Nathan finissait ses devoirs sur la grande table de la cuisine, sa mère assise à ses côtés.
– Et votre sortie à Paris ? lui demanda-t-elle.
– Génial ! Une immense caverne avec des milliards de plantes.
– C’est le Conservatoire botanique. On l’appelle le Globe, précisa Alisha. Tu as appris des choses ?
– Pas trop parce qu’avec le bus, j’étais malade.
– Pourquoi tu n’as rien dit à la maîtresse ?
– Je lui ai dit.
– Quoi, exactement ?
– Maîtresse, j’ai mal au cœur… Et là, elle m’a dit : « Tu veux que j’appelle quelqu’un ? » J’ai dit que je ne savais pas.
– Tu ne savais pas quoi ?
– Je ne savais pas qui c’était « quelqu’un », alors j’ai rien dit. La maîtresse, elle a peut-être appelé quelqu’un, mais je crois qu’il était pas là, où c’était occupé, je ne sais pas… Alors je suis resté avec mon mal au cœur toute la journée.
Alisha leva les yeux au ciel en comprenant.
– Elle t’a demandé si tu voulais qu’elle appelle quelqu’un… que tu connaissais, ta maman, ton papi… tu comprends ?
– Et si j’avais répondu mon papa, elle serait allée le chercher ?
– Nathan, il est mort, tu sais bien…
– Si je meurs, je retrouverai mon papa ?
– Bien sûr. Mais tu ne peux pas mourir, tu as toute la vie devant toi.
– Tu sais, maman, ça se peut de mourir quand on est petit…

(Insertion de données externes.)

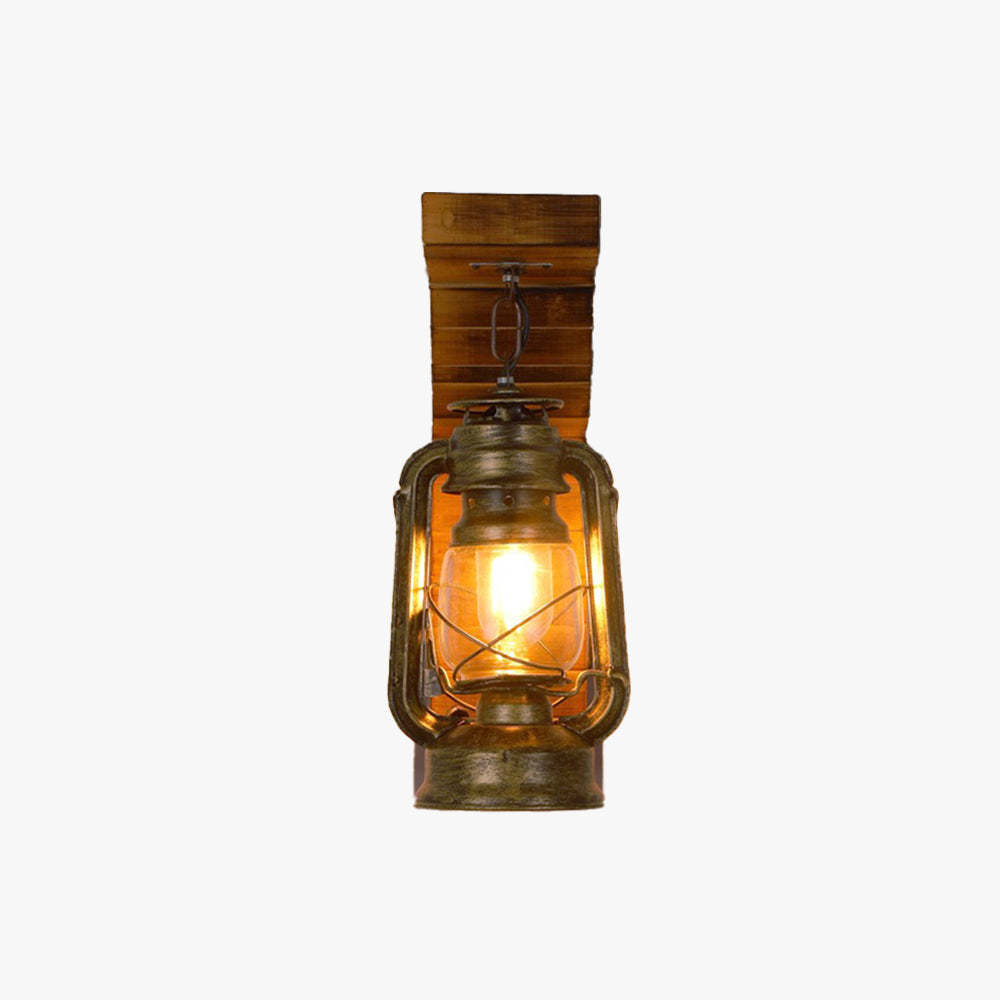 Austin lantern wall lamp, metal and wood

– On n’est pas à l’abri d’un accident, mais c’est rare.
– Ça va arriver bientôt…, annonça l’enfant.
– Mais de quoi tu parles ? Je n’aime pas que tu dises des choses pareilles…
– Cette nuit, j’ai rêvé de la mort. C’était une grosse méduse noire et elle se jetait sur moi à toute vitesse. Elle allait super vite, c’est ça qui faisait le plus peur dans mon rêve. Le truc noir méchant, il fonçait sur moi et je courais pas assez vite. Au dernier moment, je bougeais mon corps ou ma tête, elle me ratait et puis elle continuait à me courir après.
– Quel vilain cauchemar !
– Tu crois que c’était un seul rêve ? Eh bien non, il y en avait deux parce que je me suis réveillé pour me reposer un peu. Le premier rêve s’est accroupi et le deuxième s’est accroché au premier. C’était de plus en plus dur d’échapper à la méduse noire, je pouvais presque plus bouger la tête. J’étais prisonnier. Si j’arrivais à bouger la tête d’un « milligramme », eh bien je mourrais pas. La fin, je te la raconte pas parce que c’était horrible…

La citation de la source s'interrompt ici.